Brent Ozar: Steven says, “Any suggestions for tracking down the cause of this error; SQL Server failed to connect with error code… to spawn a thread to process a new login or connection?”

Erik Darling: Yeah, baby, you got THREADPOOL. You ran out of worker threads.

Brent Ozar: And where would you go troubleshooting that?

Erik Darling: Well, let’s see. That’s a tough one to catch, because it’s either happening and hitting F5 is really difficult, or it’s not happening and it doesn’t look like anything of the sort is going on. This is where a monitoring tool – actually no, because monitoring tools blank out for that too. Monitoring tools don‘t have threads.

So this is where the remote DAC comes in really handy, because I would pay attention to when you see this in the error log. I would pay attention to your wait stats. So if you see this THREADPOOL wait inching up, then you need to have the remote DAC turned on, unless you’re connecting locally. But hopefully, you’re not already peeing into a server with THREADPOOL issues and running Management Studio and doing other stuff. So I’m going to assume that you’re a good person and you’re running remote SSMS to get into the server.

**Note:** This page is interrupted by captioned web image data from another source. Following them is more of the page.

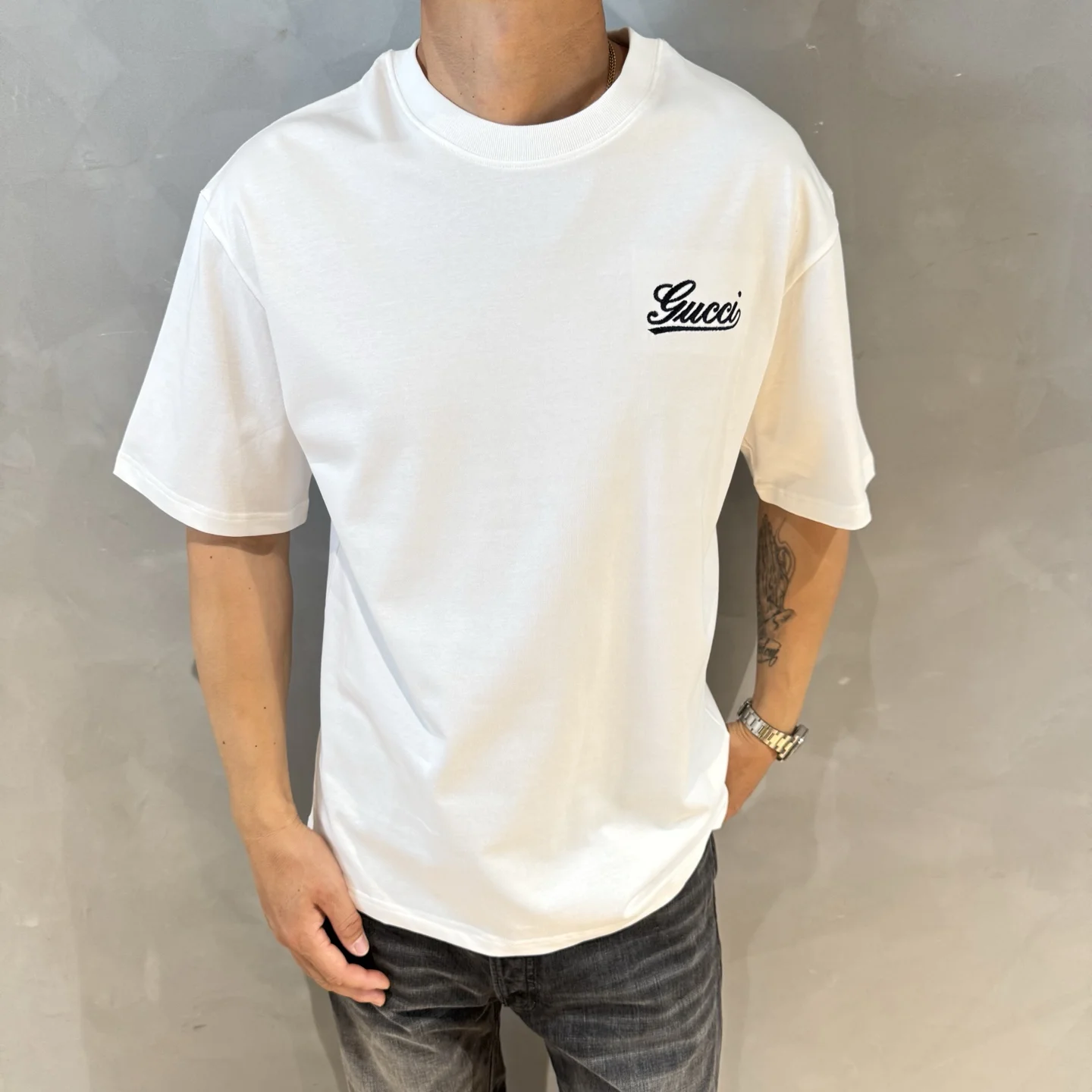Gucci White Summer Cotton T-Shirt, Unique Logo, Trendy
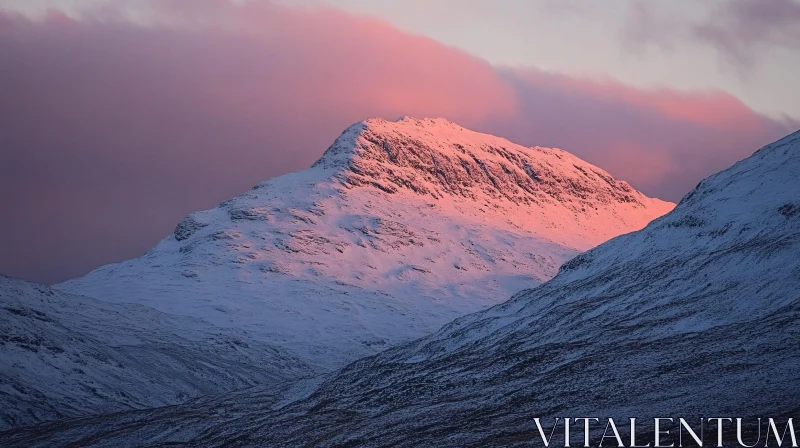 Pink Twilight Illuminating Snowy Mountain Peaks AI Image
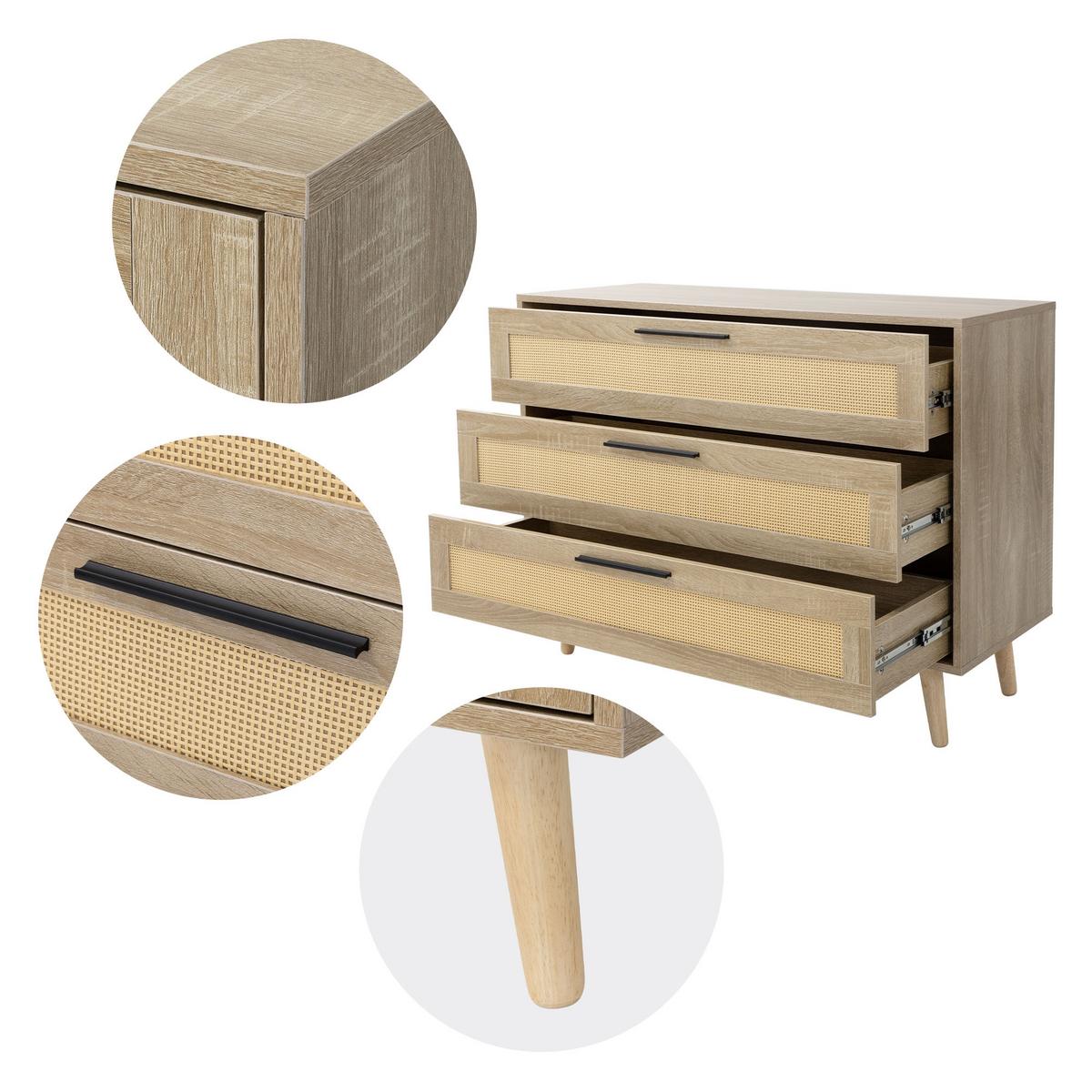 KOMMODE 100x77x40 cm Eiche-Optik - Beige, Holzwerkstoff (100/77/40cm) - ML-DESIGN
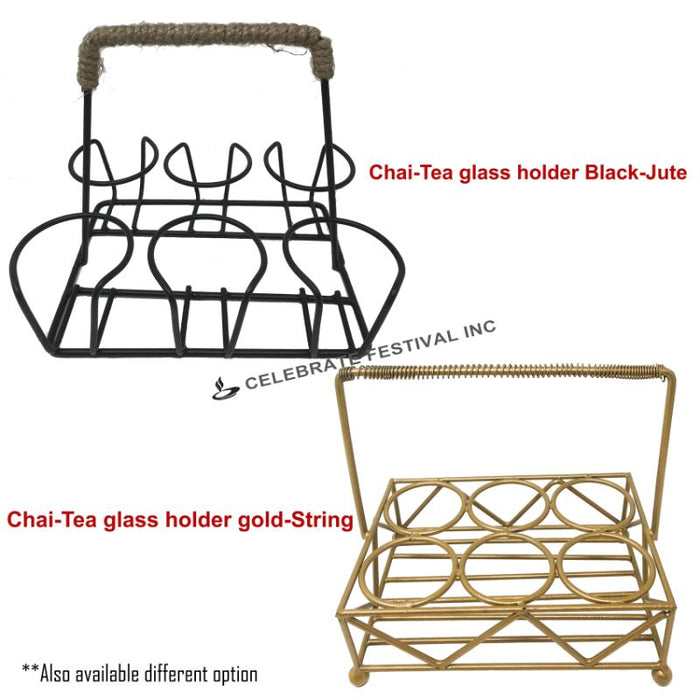 Chai-Tea Glass Holder Gold-String-6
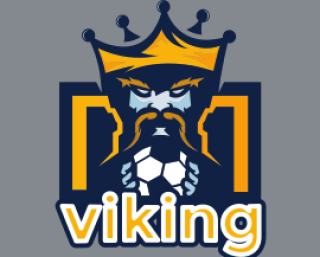 viking face profile wearing helmet and shield at the back mascot | Logo ...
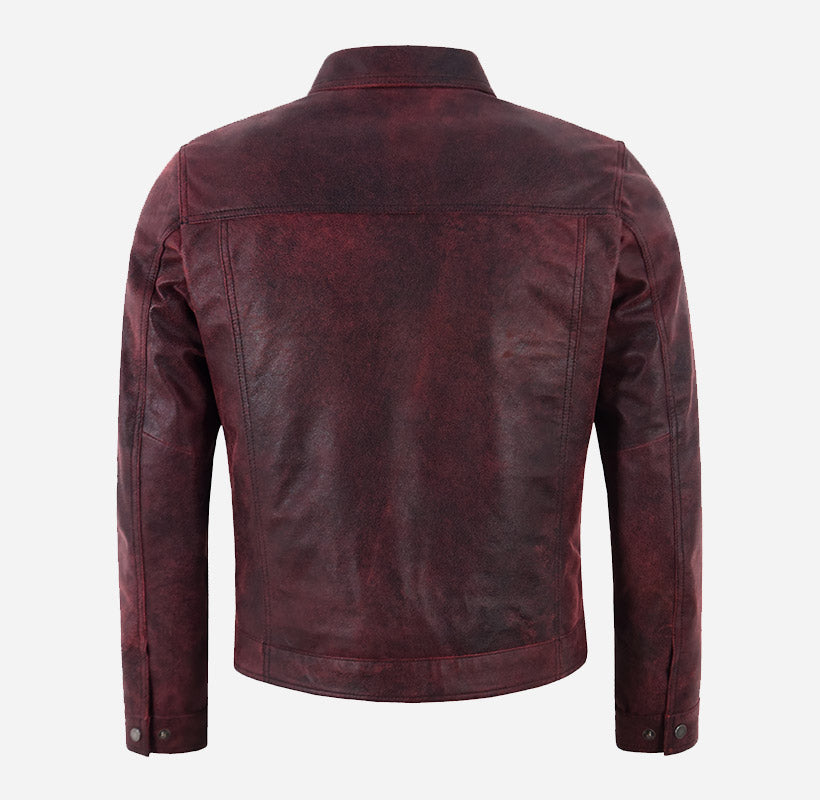 BROOKS Men's Collared Leather Jacket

Turn on the remote DAC, get in there, use sp_BlitzWho or sp_WhoIsActive. Hit F5 when things start to go south or if you notice things getting weird, and you’ll be able to catch all the THREADPOOL goodness in action. THREADPOOL is, like I said, running out of worker threads. Don’t try to adjust the max worker threads, sys.configuration_option, because what that does is basically – picture 30 kids screaming in a classroom. If you turn that up, you just add more screaming kids to the classroom. It might fix the THREADPOOL, but your CPU’s not just overwhelmed with screaming kids. So don’t do that.

It really comes down to, usually, figuring out if the number of CPUs you have is good for your workload, which if you’re hitting THREADPOOL it most likely isn’t. And then, of course, tuning queries and indexes to prevent the kind of awful blocking scenarios that go on, because typically, when we see folks hitting THREADPOOL issues, it’s a lot of parallel queries starting up, running, reserving threads and getting blocked. And those threads don’t get given back, right. Those threads are reserved for those queries until the queries are done with them. So you just have all these queries piling up, reserving threads, blocked, sitting there doing nothing. The server might look bored too because it’s not doing anything. But anyway, that’s where I’d look.

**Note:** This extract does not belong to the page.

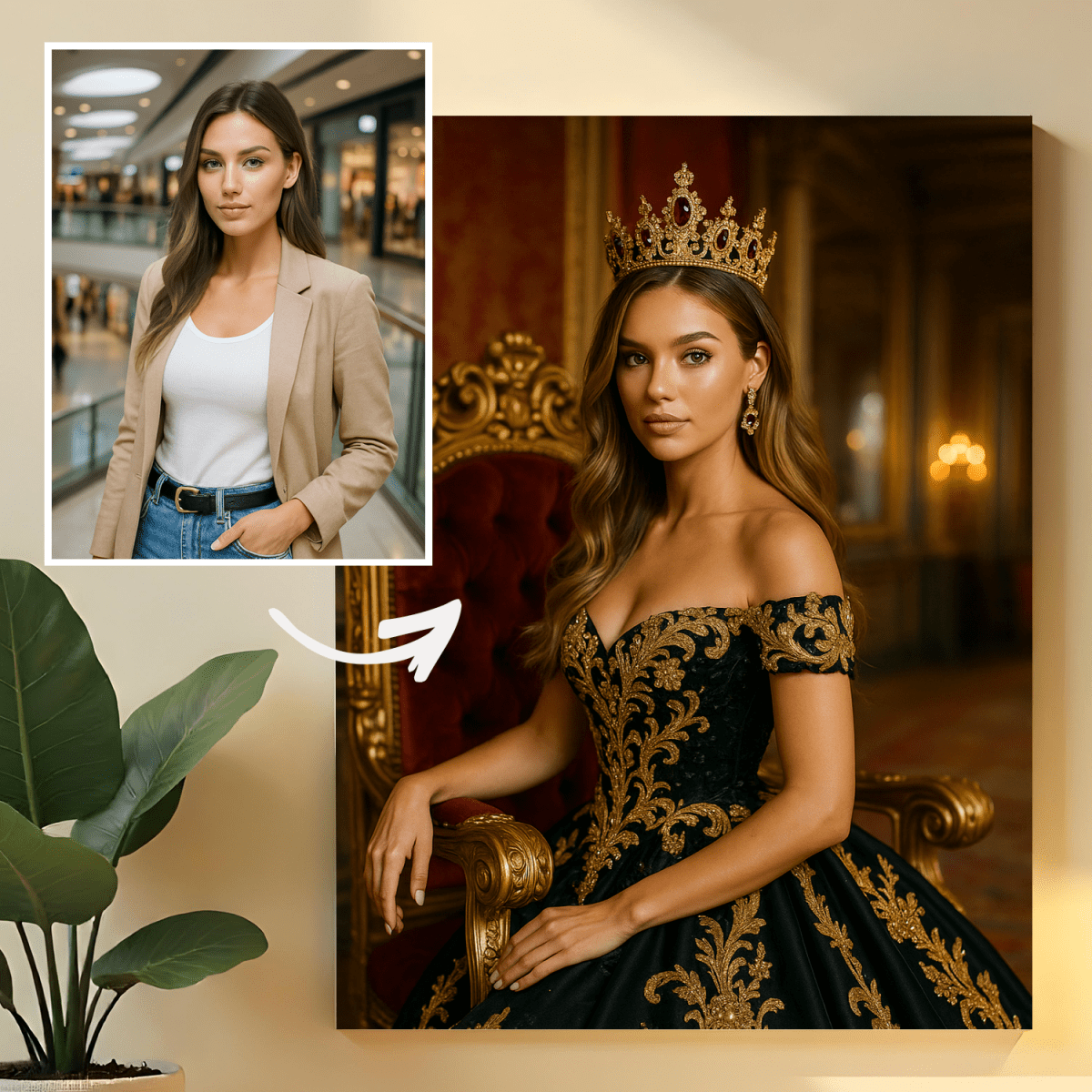 Portret królowej - obraz na płótnie z Twojego zdjęcia - Wymaluj Prezent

Brent Ozar: Screaming kids, I don’t know that we’re ever going to beat that analogy; a group of screaming kids, just adding more screaming kids to the room. That’s fantastic.

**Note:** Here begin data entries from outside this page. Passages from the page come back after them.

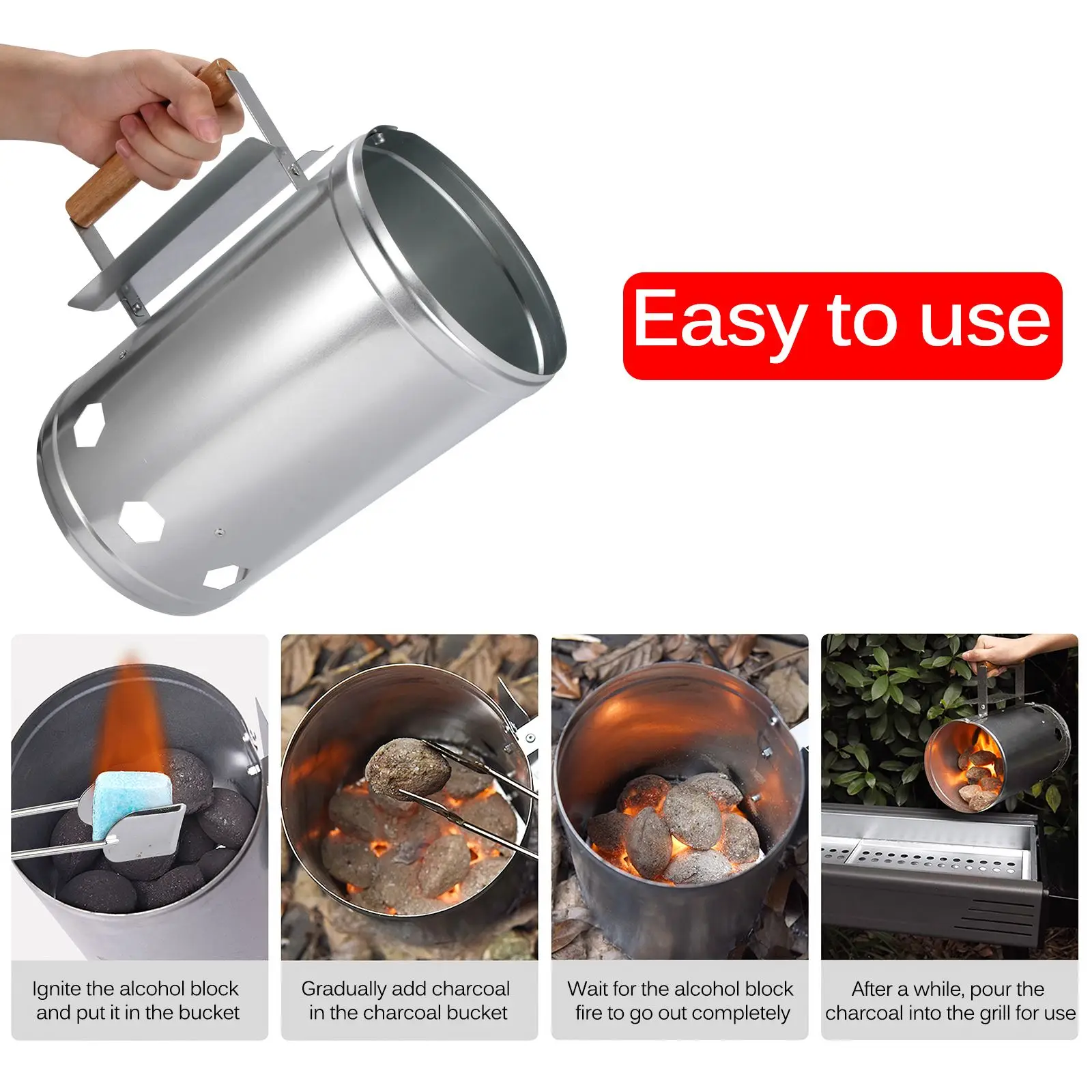 EE_ METAL FAST CHARCOAL IGNITION BARREL STOVE BARBECUE FIRE STARTER BUCKET FADDI 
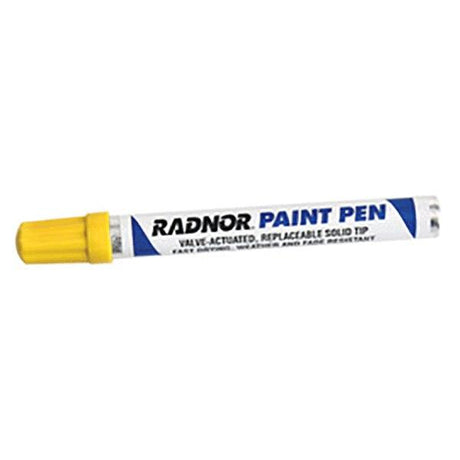 Image of a Radnor Fiber Tip Paint Pen 640024_ with a yellow cap, perfect for permanent marking. The pen is labeled "valve-actuated, replaceable solid tip" and features a blue and white design, ideal for all-surface marking needs.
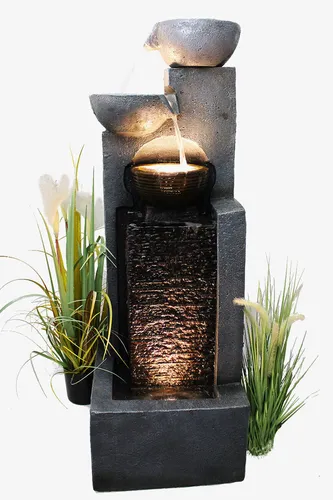 Arnusa Großer Gartenbrunnen mit LED Beleuchtung - Wasserspiele mit beeindruckendem Licht- und Wasserspiel. 109 cm hoch, aus Polyresin, mit 3 warmweißen LED-Spots für stimmungsvolle Atmosphäre im Garten.
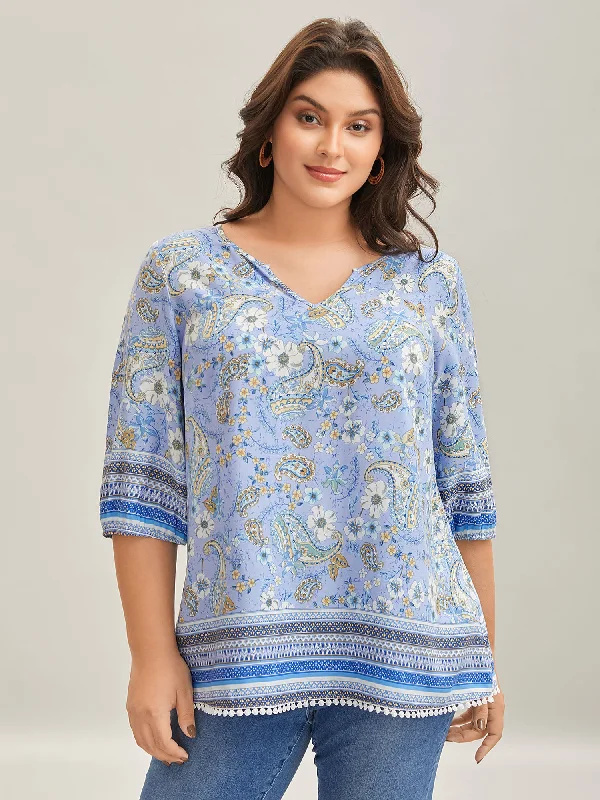 Paisley Print Lantern Sleeve Flowy Blouse Dapper Women's Bow - adorned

Erik Darling: Yeah, that’s all it is.

 

Brent Ozar: And the last question we’ll take for today, Darshan asks, “For reporting purposes, we created a table and we dump data into it so users can query their PowerBI reports with it. Now the table is huge, so what would be the ideal solution to move it?” The thing I would say is, define what huge is, because for the rest of your life, you’re always going to be working with the largest table you’ve ever worked with.

Generally, when they talk about a very large database, a VLDB, the general standard is a billion rows in one table or 1TB worth of data. So when you say huge, generally, you’re talking over a billion rows in it. He says, “Should I think about moving it to Azure SQL DW?” You could. There are all kinds of things that you can think of that point architecturally.

But when you come to the point where you’re thinking about a different database platform or different backend for reporting, then I would stop to think about bringing somebody in who’s done it before. And that’s not a sales pitch for us because we don’t do data warehouse architecture either. But you’re getting ready to make a decision that will haunt you for the next five years or more.

Bring in a specialist on the platform you’re thinking about working with just because if you only read Books Online, every one of them looks like it can handle huge datasets. You want to find somebody who’s done it and found the gotchas.

Richie Rump: And, you know, the add-on to that, I consulted with the company that brought in Teradata and they spent millions on this server; millions. And then things weren’t performant and it’s supposed to be fast, but because of the way they architected the data, it wasn’t. There you go.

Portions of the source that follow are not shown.